Catherine D. Meyer
Catherine D. Meyer is senior counsel at Pillsbury Winthrop Shaw Pittman LLP in Los Angeles.
Every state and the District of Columbia has a data breach notification law with its own specific requirements. If your association is targeted, you’ll need to determine which ones apply to your incident.
Data breach notification laws, in all their variety, reflect the patchwork of privacy laws across the United States. All 50 states and the District of Columbia now have a breach notification law, and while the measures have common elements, each state has adopted nuances that protect its own residents.
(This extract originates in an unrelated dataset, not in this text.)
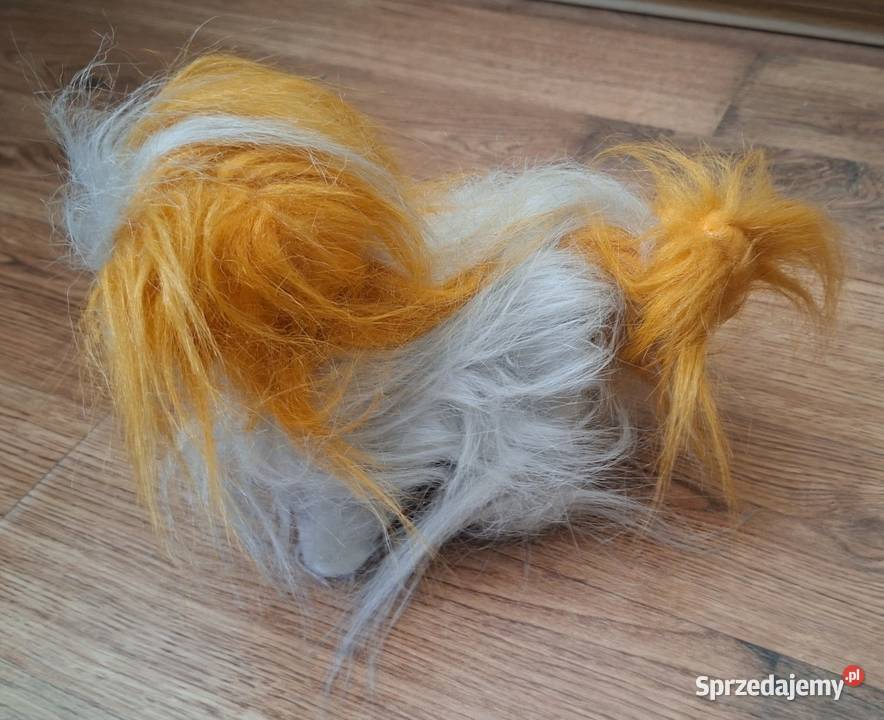 Maskotka tańczący pies lubuskie Zielona Góra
As a practical matter, organizations—including associations—that operate on a national scale must be familiar with them all, especially since a few (Alabama, Florida, Michigan, and New Mexico) impose financial penalties for noncompliance.
Every state requires notification when an individual’s name, Social Security number, driver’s license number, or financial account number is lost in a breach. Some states include additional data categories, such as biometric data, user names and passwords, passport or immigration information, or medical information.
All states protect computerized data, but five protect information in any format, including paper and video. And while all states agree that notice should be “prompt” or “without undue delay,” some are more specific, requiring notice within 30 or 45 days of discovery of a breach.
All of these measures require written notification to everyone affected. Where contact information is lacking, or in cases where the cost of written notification or the number of people involved exceeds certain thresholds, most states allow some form of “substitute notice.” Twenty-six states allow for telephone notification, with varying degrees of script and documentation required.
Forty-nine states and the District of Columbia require that notices include certain particulars about the breach or the individual’s rights. Massachusetts strictly prohibits describing the incident to its residents, instead adopting a form detailing the rights of the people affected (a notice to the attorney general is required to describe the breach). California requires a question-and-answer format for notifications, and in a growing trend, California, Connecticut, and Delaware require credit monitoring services to be provided where Social Security numbers have been exposed.
Half of the states require notification to the state attorney general or a state agency when state residents have been affected, and 30 require that the three major consumer reporting agencies also be notified where minimum thresholds are met.
An organization that experiences a data breach must comply with the notification laws of the states where affected individuals reside. Given the patchwork of statutes, it’s wise to be aware of their varying requirements.